#### WHAT THE TASK REQUIRES
Output all the data exactly.
*** DATA SECTION Section Begins ***
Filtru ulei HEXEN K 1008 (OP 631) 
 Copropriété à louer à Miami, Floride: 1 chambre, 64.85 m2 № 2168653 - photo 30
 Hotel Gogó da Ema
*** DATA SECTION Section Ends ***
#### WRITTEN RESPONSE
Filtru ulei HEXEN K 1008 (OP 631) 
 Copropriété à louer à Miami, Floride: 1 chambre, 64.85 m2 № 2168653 - photo 30
 Hotel Gogó da Ema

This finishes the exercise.